La Palma volcano latest news – will Cumbre Vieja erupt and could it trigger a tsunami that hits the UK?
Concerns have been growing after a series of hundreds of mini earthquakes in La Palma in the Canary Islands
Concerns have been growing after a series of hundreds of mini earthquakes in La Palma in the Canary Islands
FEARS are growing that a volcano on the popular Brit tourist destination of La Palma could be on the verge of erupting.
More than 40 mini earthquakes in 48 hours were recently recorded on the island sparking large tremors coming from the active Cumbre Vieja volcano. Here's the latest news...
Cumbre Vieja, on La Palma near the tourist hotspot of Tenerife, is the most active volcano in the Canary Islands.
It has recently been rocked by dozens of seismic movements of low magnitude between 1.5 and 2.7.

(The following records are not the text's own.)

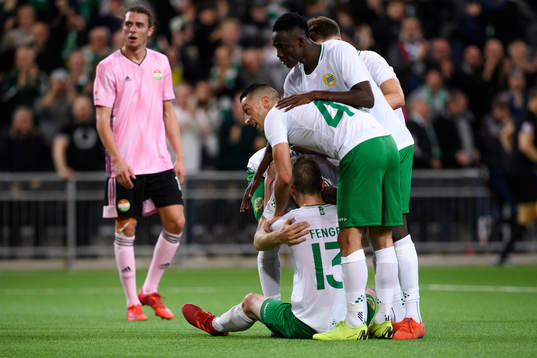Hammarbys spelare jublar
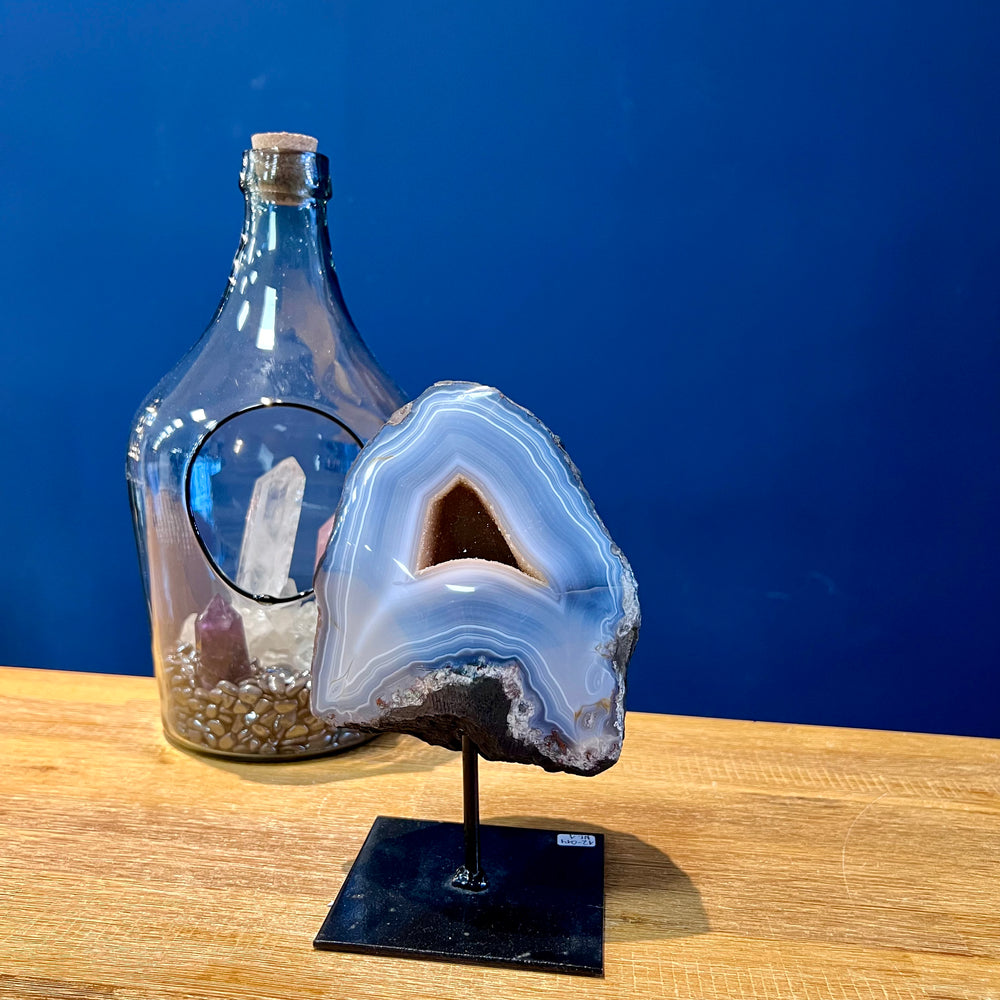 Achat-Geode auf Metallständer Nr. 1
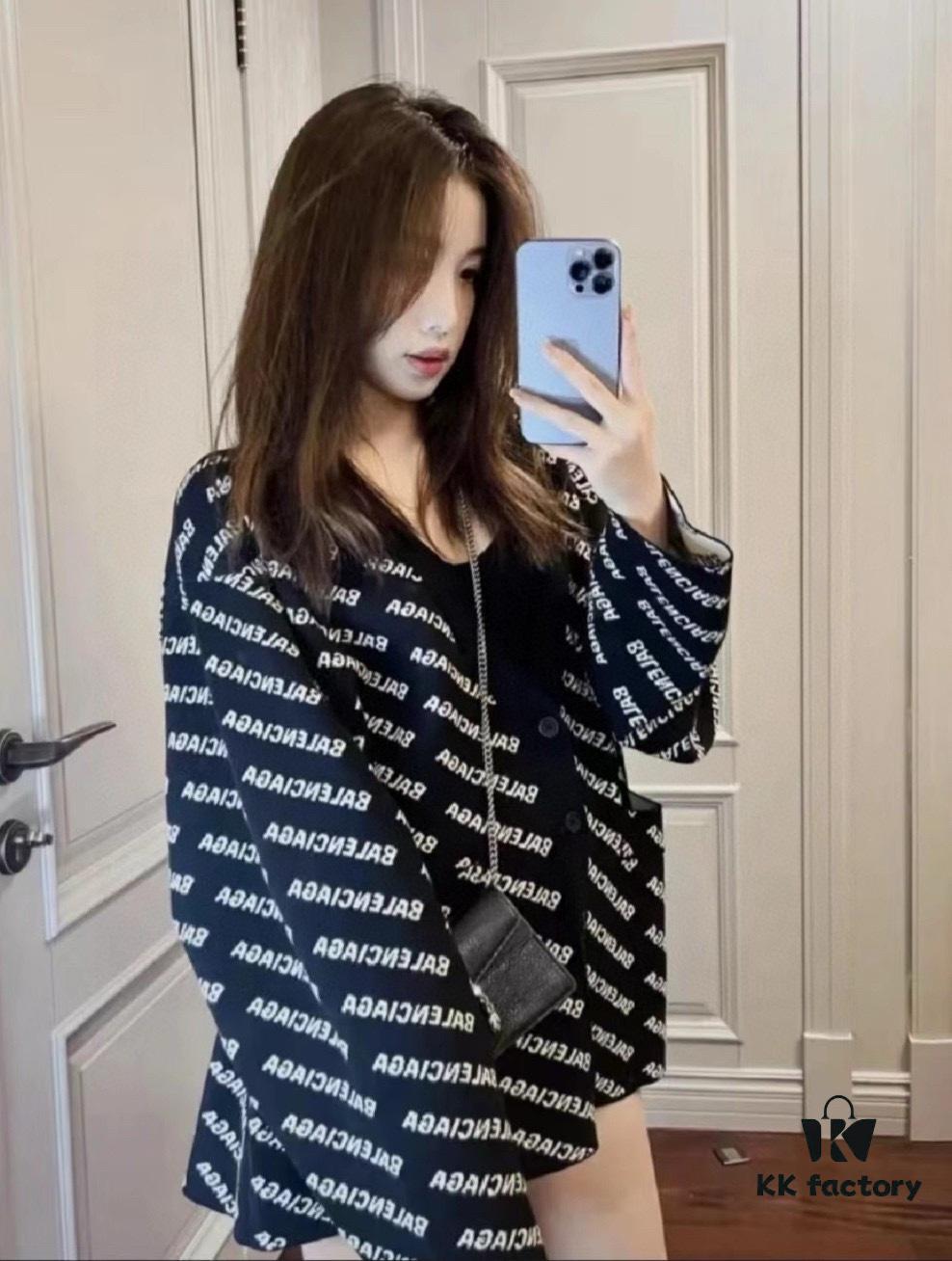 Paris Full Print Bullet Screen Knit Cardigan Coat for Men and Women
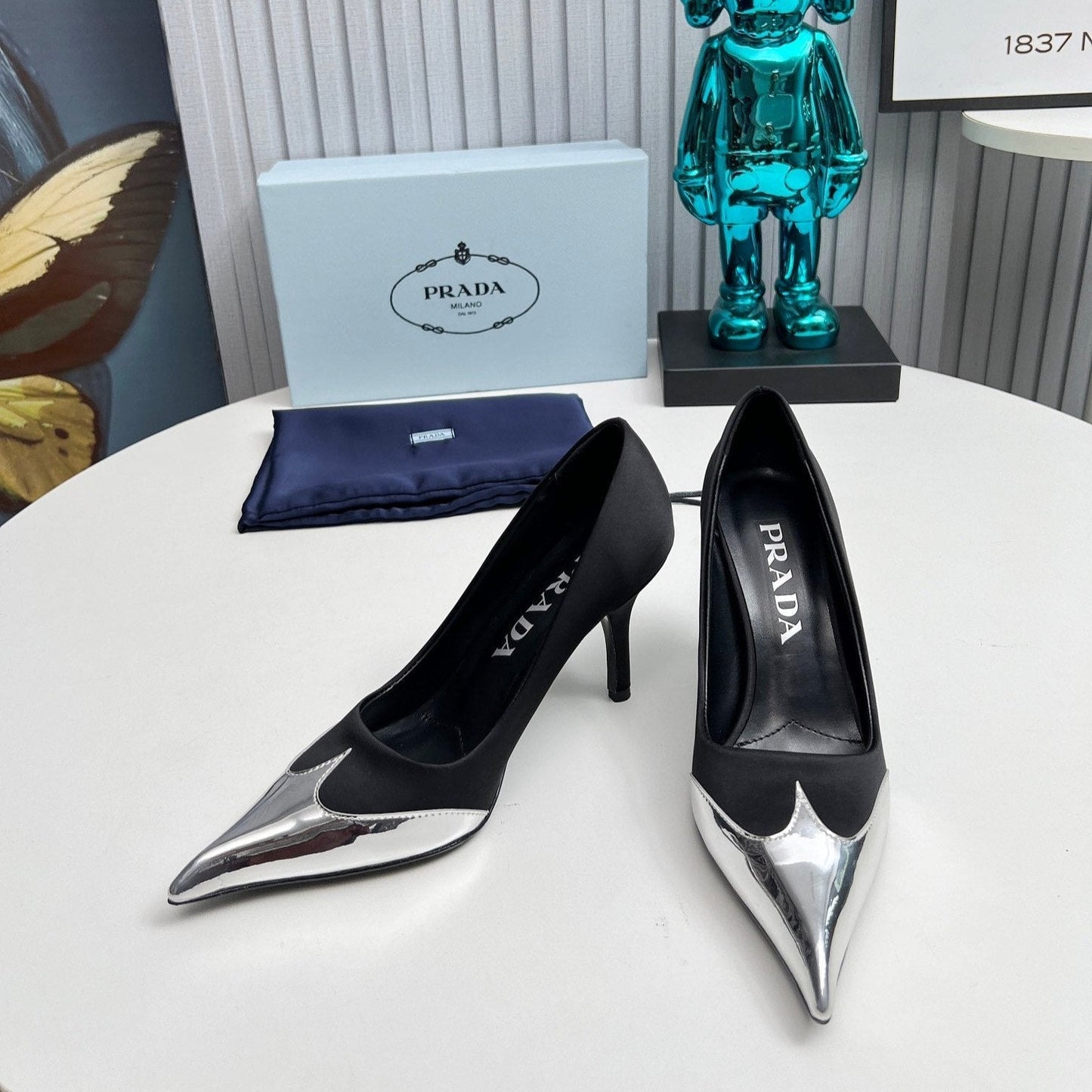 HIGH POINTED-TOE PUMPS IN BLACK MIX SILVER SATIN - 35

More than 40 mini quakes struck in 48 hours between October 7 and 9.
The largest of the tremors registered 2.7 on the Richter scale and struck 17.4 miles underground.
Hundreds more rocked the tinderbox island in jusy 15 hours from October 13-14.

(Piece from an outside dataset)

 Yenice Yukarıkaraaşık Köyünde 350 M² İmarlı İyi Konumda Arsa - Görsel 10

The quakes have sparked fears the island's huge Cumbre Vieja, which means "Old Summit", could blow.
As concerns grew, a team of scientists was reportedly rushed in to monitor the murmurming mountain.
According to , the boffins will sample underground water to meaure PH levels, conductivity, temperature and radon dissolved gas activitiy.
Experts from the National Geographic Institute have also been monitoring the site.
Geologists are taking CO2 gas samples and studying the structure and strength of the volcano.
The last time the volcano erupted was in 1971. But La Palma is considered to be the most active island in the archipelago.
The tremors in October sparked panic among La Palma's 86,000 residents, with volcano experts labelling the tremor activity as "a seismic swarm".
Experts have warned if the huge volcano erupts, it will collapse into the sea – sparking an 80ft tsunami tidal wave that would engulf Spain, Britain and the east coast of the US.
But geologist Professor Iain Stewart said people in Britain should not be living in fear of a devastating mega tsunami sweeping towards our coast.
He said: "I'm not going to say it's rubbish - but it hasn't happened since the beginning of civilisation.
"The short answer is that it's not happened in the last 10,000 years. At the moment there is definitely nothing to be disturbed about."
It's conceivable that the UK could be hit by a tsunami caused by the volatile volcano in La Palma, though debate rages about how big the Palma one would be by the time it reached Britain.
Professor David Tappin, a tsunami specialist at the British Geological Survey, told Sun Online: "The UK has been impacted by tsunamis in the past.
"Their major hazard is that they can be generated at one location and then they can travel long distances across the ocean and still be dangerous."
"It has been suggested that a collapse at Cumbre Vieja would generate a dangerous tsunami locally, but also that it would travel outwards."
Prof Tappin said that were a tsunami to strike the southern coast of Britain, the waves could reach about two metres.
Waves of that height could overpower anyone standing on a beach and flood inlets along the south coast.
it wouldn't be the first time that Britain was engulfed by a tsunami.
Around 8,000 years ago, a terrifying 30-metre tsunami came from an underwater landslide near Norway, killing untold numbers of unsuspecting people in its path and reaching as far as the Shetlands.
If the UK ever faced freak 30-metre waves again, we would see a tsunami so huge that it would crash around a third of the way up Big Ben, standing at 100 metres.